Odishatv Bureau
New Delhi: Insisting that marrying minor girls was not a solution to protect them against rape, UN agencies including UNICEF today asked India to take "urgent" and "incremental action" against child marriages, saying the country accounts for 40 per cent of such wedlocks.

The UN Agencies, UNICEF, UNFPA, UN Women and UN Information Centre, sought "political commitment" from the government to end the "harmful practice".

"Child marriage is not a solution to protecting girls from sexual crimes including rape," heads of the UN agencies in India said in a letter to Women and Child Development Minister Krishna Tirath.

The nudging by the UN agencies came days after suggestion by Khap panchayats in Haryana to bring down the marriageable age limit to 16 years to check growing incidents of rape in the state, a view point which drew sharp reactions within the country also.

A Khap Panchayat or caste council in Haryana had said "boys and girls should be married by the time they turn 16 year old, so that they do not stray... this will decrease the incidents of rape."

"More than 40 per cent of the world's child marriages happen in India. In eight states of the country, more than half of young girls are married before the age of 18," the letter said.

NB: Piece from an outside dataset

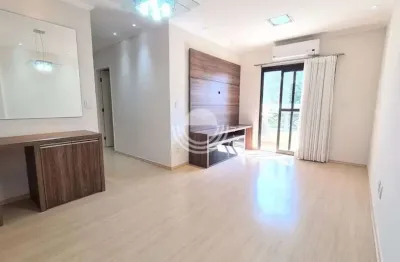 Apartamento com 3 dormitórios (1 suíte) para alugar, 77 m² por r$ 4.190/mês - taquaral - campinas/sp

The United Nations General Assembly adopted a resolution on 19 December 2011 to declare 11 October as the International Day of the Girl Child, calling all member countries to recognise the rights of girls.

"In fact, child marriage denies a girl of her childhood, disrupts her education, limits her opportunities, increases her risk to be a victim of violence, jeopardises her health and therefore constitutes an obstacle to the achievement of nearly every Millennium Development Goal and the development of healthy communities," the agencies said.